• [Exercise objective] Please set down, unchanged, each line from the one with "Horse Racing Betting Machines at Casino" to the final line of the data below, both included. Drop the pictures.

Short descriptive text snippets:
=== Section Start ===

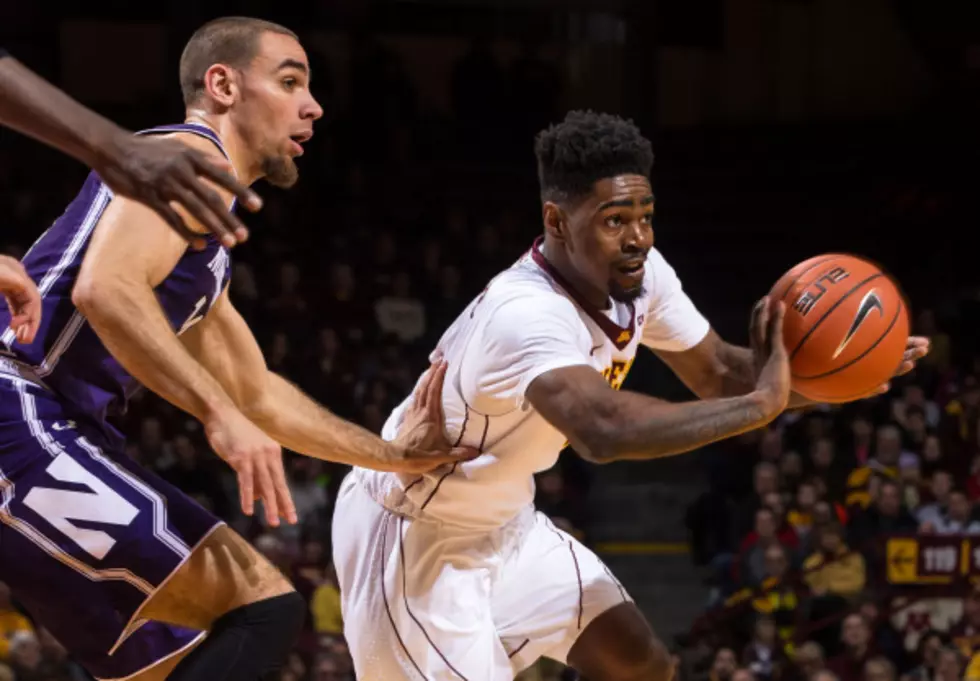 Northwestern Gives Gophers a 77-52 Beat Down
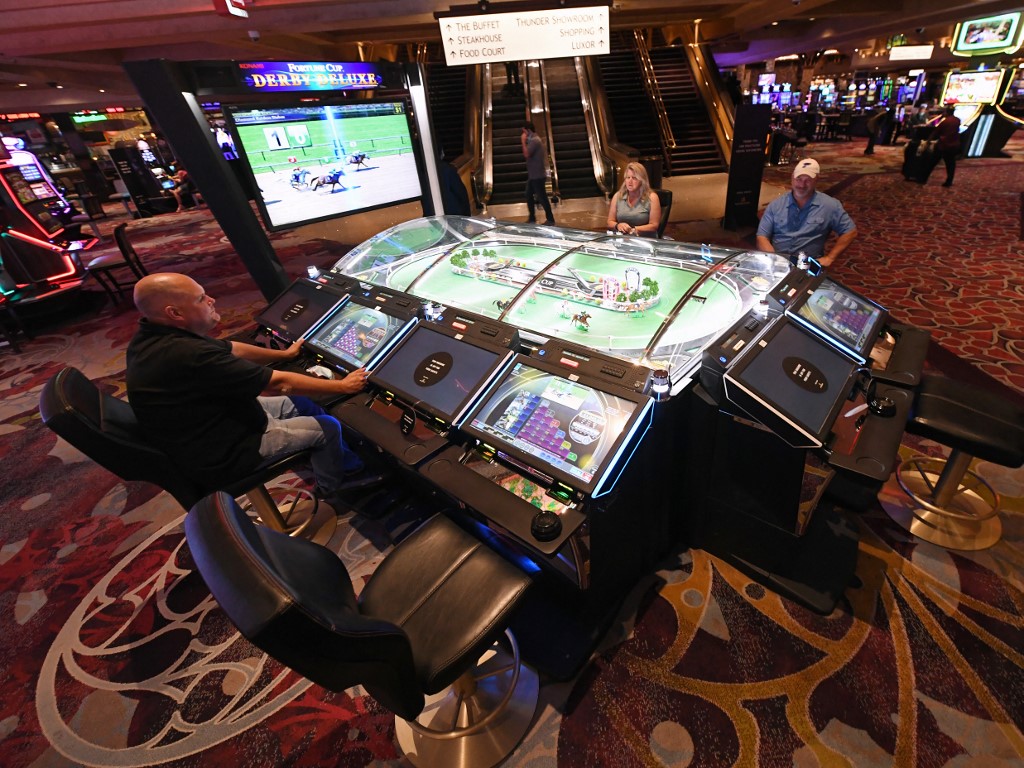 Horse Racing Betting Machines at Casino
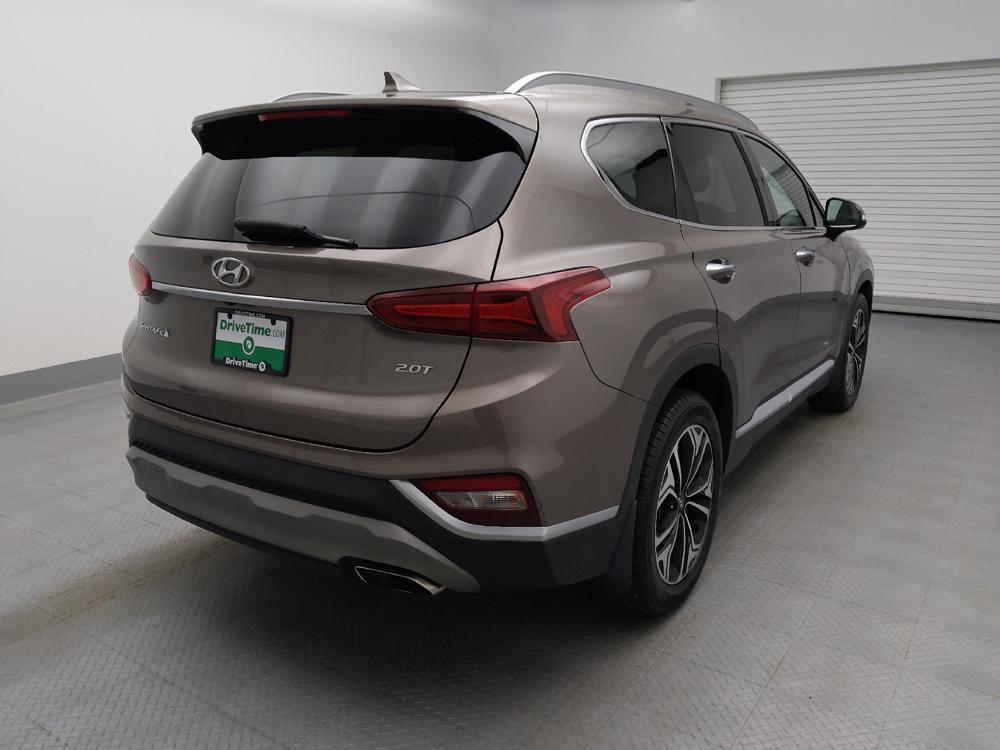 used 2019 Hyundai Santa Fe car, priced at $20,595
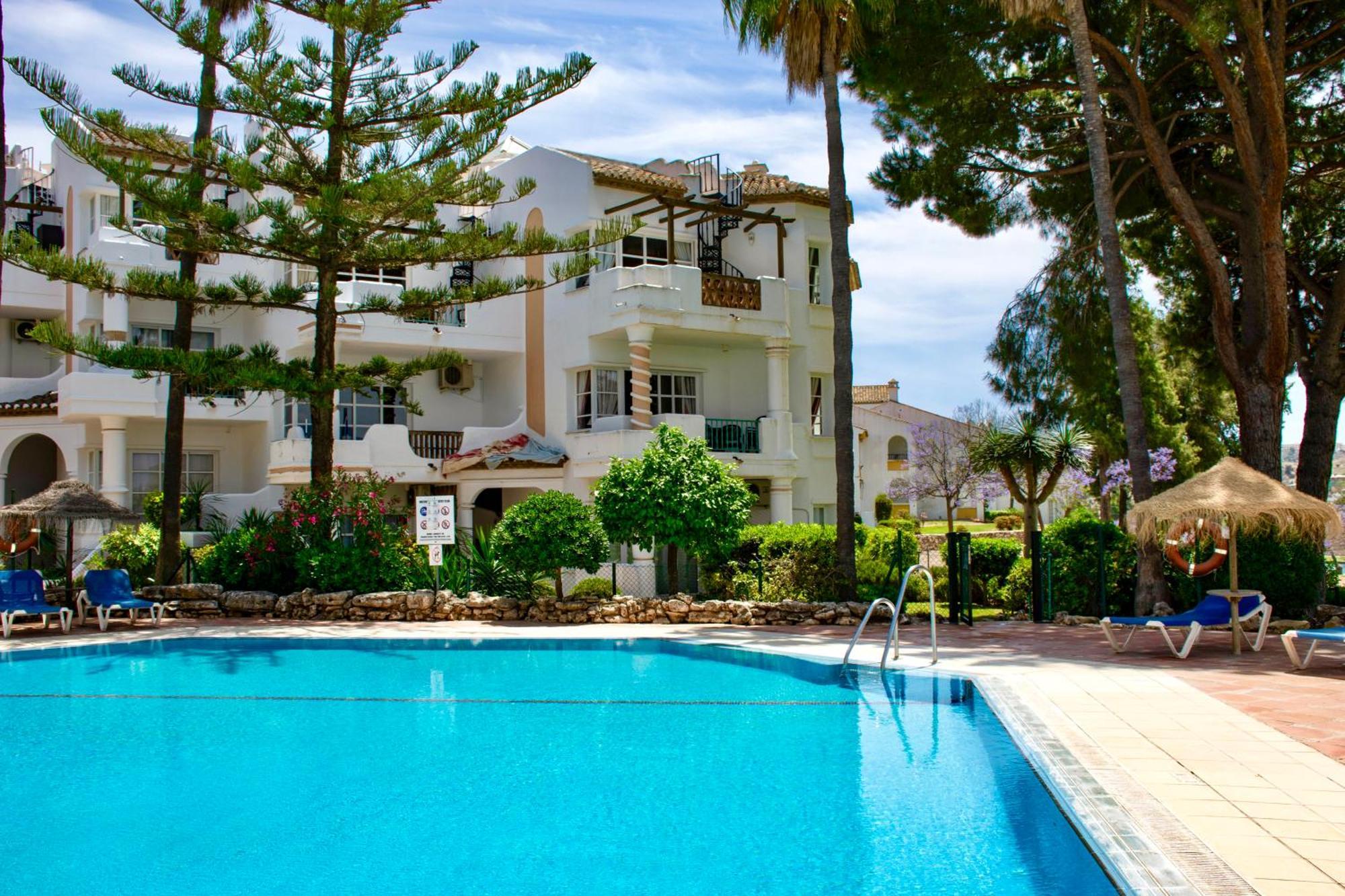 Leos Mijas Golf Daire Fuengirola Dış mekan fotoğraf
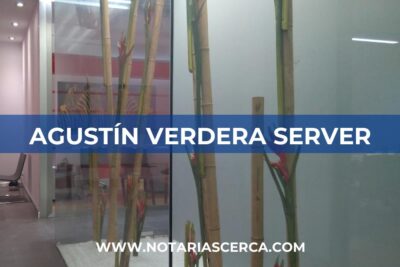 Notaría Agustín Verdera Server (Torrent)
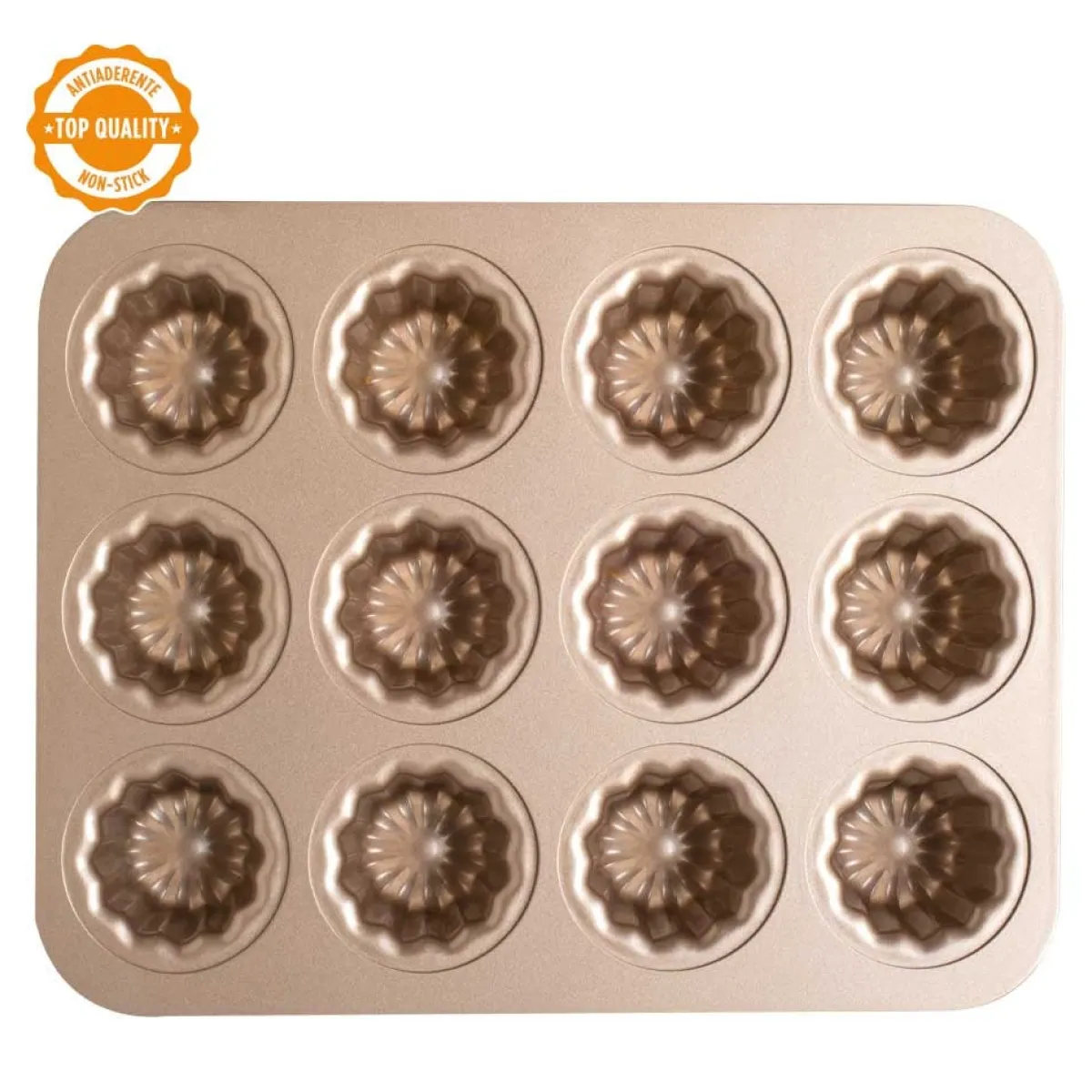 Decora Bakvorm Canelé (12) Outlet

=== Section End ===

• [Output of the task]
 Horse Racing Betting Machines at Casino
 used 2019 Hyundai Santa Fe car, priced at $20,595
 Leos Mijas Golf Daire Fuengirola Dış mekan fotoğraf
 Notaría Agustín Verdera Server (Torrent)
 Decora Bakvorm Canelé (12) Outlet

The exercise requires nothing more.